Finland-Swedish diplomat and non-fiction writer

Ragnar Julius Numelin (28 September 1890 – 12 October 1972) was a Finland-Swedish diplomat, sociologist and non-fiction writer. He served for 35 years in the Finnish foreign service, including as Consul General in Gothenburg and as head of mission in Brussels and Prague. Alongside his diplomatic career he was an active scholar within the Westermarck school of social anthropology and published widely on sociology, ethnology, geography and the history of diplomacy.
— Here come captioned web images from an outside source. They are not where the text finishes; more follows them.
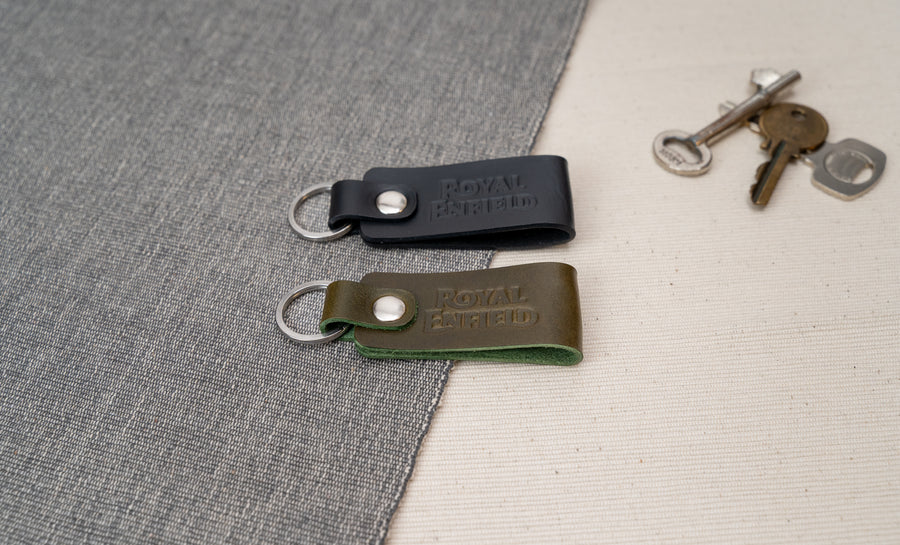Two Royal Enfield leather keychains, one black and one olive green, on a textured surface with keys in the background.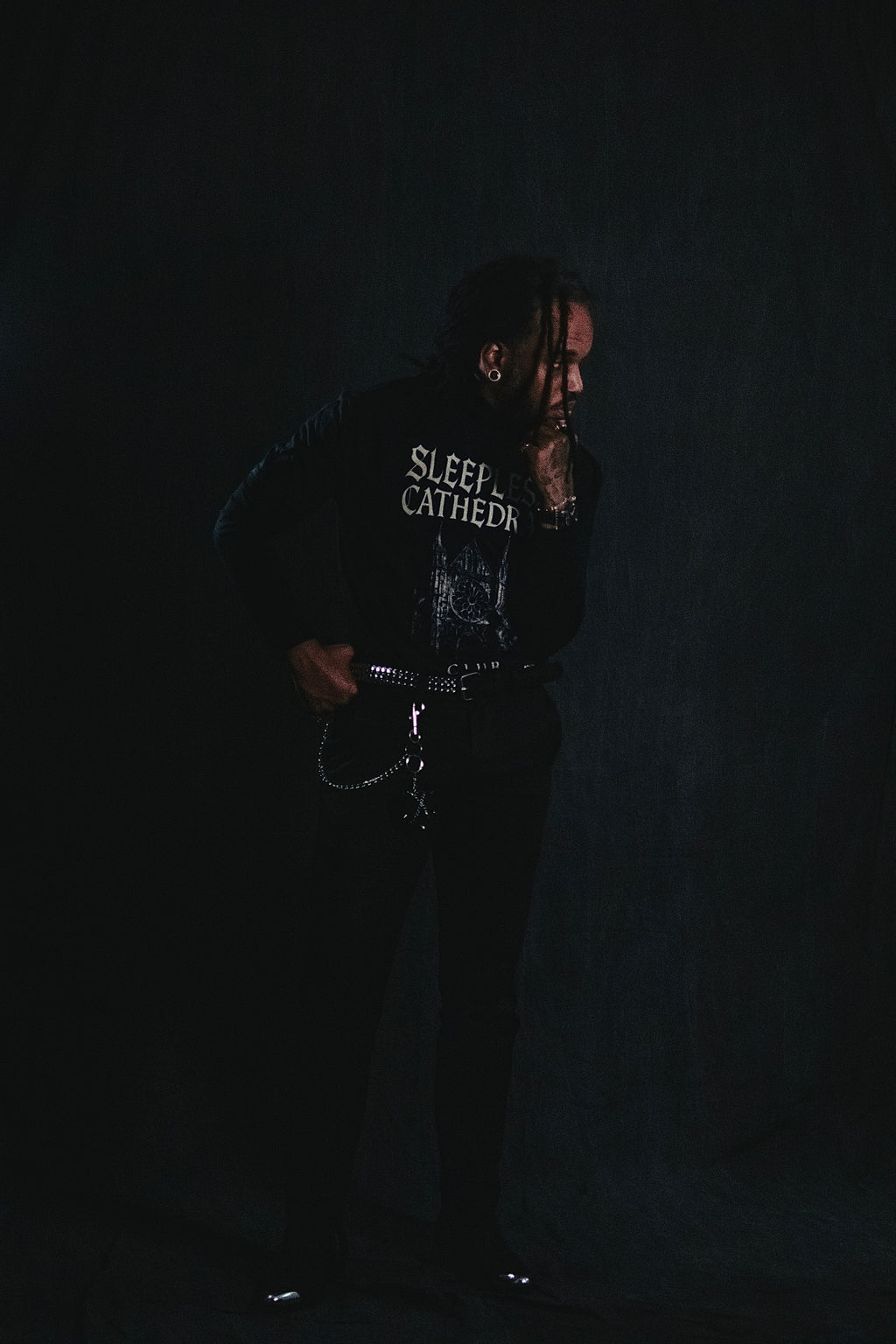Male model wearing the Coven x Coven ‘Sleepless Cathedral’ long sleeve shirt styled with black pants, studded belt, and chain accessories, standing against a dark gothic backdrop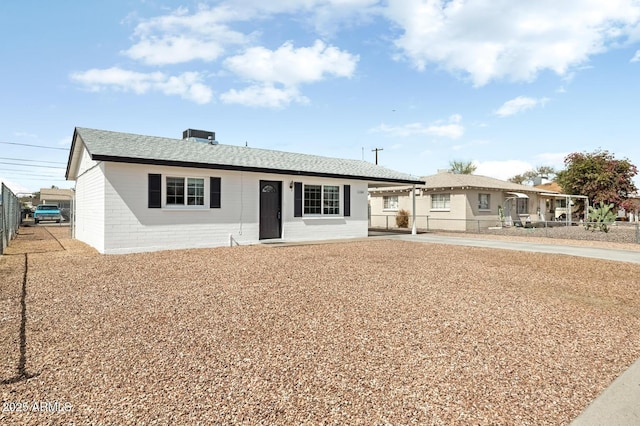 single story home with concrete block siding, an attached carport, fence, driveway, and roof with shingles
His best-known work in English is The Beginnings of Diplomacy (1950).

== Early life and education ==
Numelin's father, Gustaf Julius Ferdinand Nummelin, was a justice of the Turku Court of Appeal and from 1900 a member of the justice department of the Senate of Finland. He was dismissed from the Senate in 1901 after refusing to accept the conscription law that the Russian imperial government sought to impose during the first period of Russification, but returned to the Senate from 1906 to 1909. His mother was Anna Emilia Sourander. As an adult, Ragnar shortened the family name Nummelin by one letter to Numelin.

Numelin matriculated in 1911 and took a Bachelor of Philosophy degree in 1913. He studied under Edvard Westermarck, and in 1918 completed a doctoral dissertation in social anthropology on migration patterns among so-called primitive peoples.

== Career ==
At the start of the First World War, Numelin became involved in the Finnish activist movement, which sought to detach Finland from Russia by armed means if necessary. He took part in the founding meeting of the Jäger Movement in November 1914, and from 1916 worked within the foreign delegation of the Finnish independence movement in Stockholm. After Finland's declaration of independence he was among the first persons sent on diplomatic assignments to Sweden. He was also an assistant at the University of Helsinki Library from 1914 to 1918. In 1918 he married Mary Adèle Alfthan, daughter of Max Theodor Alfthan, governor of the Province of Uusimaa.

After completing his doctorate, Numelin committed to a diplomatic career and served in the Finnish Ministry for Foreign Affairs for 35 years. During the Winter War and the early stage of the Continuation War he was responsible for Finland's foreign information service; the German press attaché in Finland at the time, Hans Metzger, later recalled in his memoirs that Numelin was nicknamed "Sir Ragnar". In 1945 he was appointed Consul General in Gothenburg, moving from the post of deputy head of the Foreign Ministry's political department. The transfer was understood at the time as a form of internal exile, in a period when the Finnish political left sought to place its own people in central positions within the foreign service. He nevertheless became head of mission in Brussels in 1947 and in Prague in 1950.

Numelin had been posted to Prague against his wishes, and his Western orientation led him to sharply criticise the country's then-current political system. After criticism from home, ultimately rooted in the Finnish communists' wish to install one of their own as envoy, he was recalled in 1953 and placed on inactive duty, receiving no further postings. According to BLF, his standing as a diplomat was held back by his versatility – his scholarly work was felt to detract from his official duties – as well as by his well-known activist background and Western orientation.

== Scholarly work ==
Numelin published widely on diplomacy, sociology, ethnology, geography and graphology. His doctoral research on migration shaped his later work, notably The Wandering Spirit (1936). His most influential book, The Beginnings of Diplomacy (1950), was translated into several languages and remains his best-known work in English-language scholarship.